### TASK TO COMPLETE:
Once you find the line with "Agricultural Land 5" in the data below, transcribe exactly each line from there to the line with "Shar Pei Puppies", inclusive, and nothing else. Drop the pictures.

SUPPLIED DATA: Begin

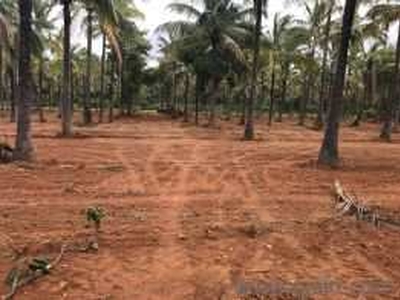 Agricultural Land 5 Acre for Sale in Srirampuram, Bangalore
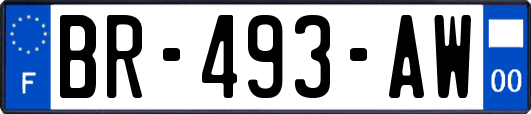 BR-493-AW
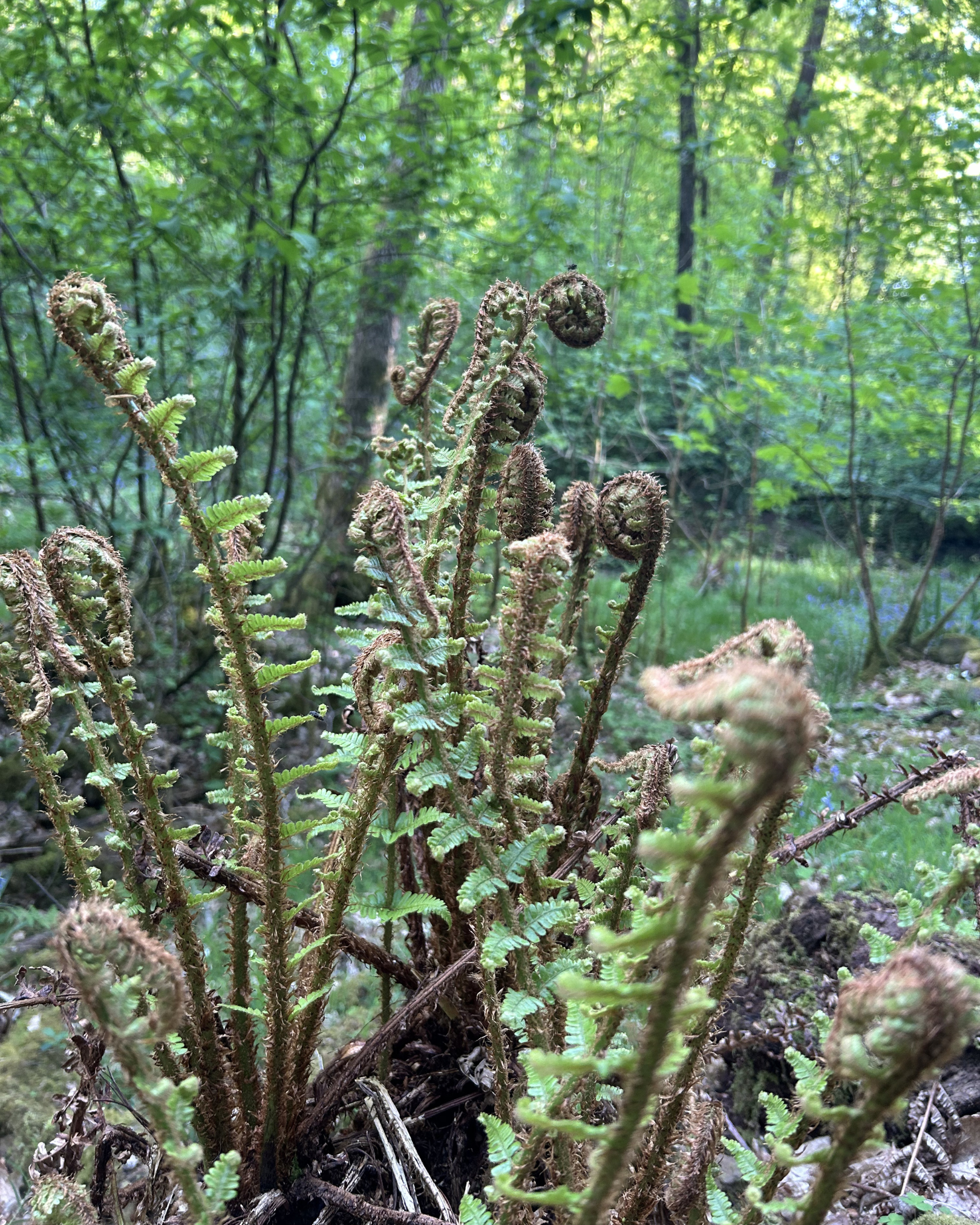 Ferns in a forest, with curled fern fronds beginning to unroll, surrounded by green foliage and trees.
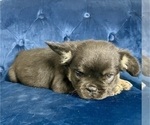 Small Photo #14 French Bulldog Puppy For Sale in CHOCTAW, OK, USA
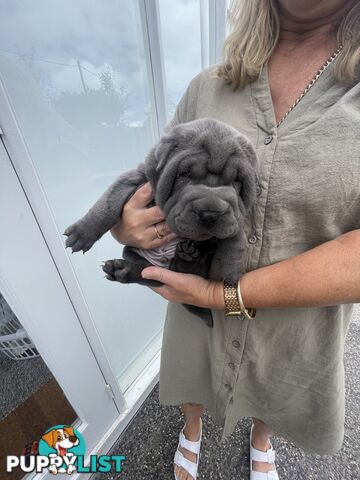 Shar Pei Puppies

SUPPLIED DATA: End
SUPPLIED DATA: Begin

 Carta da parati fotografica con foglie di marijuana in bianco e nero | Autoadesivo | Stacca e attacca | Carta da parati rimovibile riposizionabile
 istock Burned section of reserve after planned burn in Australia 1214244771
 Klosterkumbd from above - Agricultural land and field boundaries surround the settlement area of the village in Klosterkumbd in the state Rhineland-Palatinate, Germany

SUPPLIED DATA: End

### TASK RESULT:
 Agricultural Land 5 Acre for Sale in Srirampuram, Bangalore
 BR-493-AW
 Ferns in a forest, with curled fern fronds beginning to unroll, surrounded by green foliage and trees.
 Small Photo #14 French Bulldog Puppy For Sale in CHOCTAW, OK, USA
 Shar Pei Puppies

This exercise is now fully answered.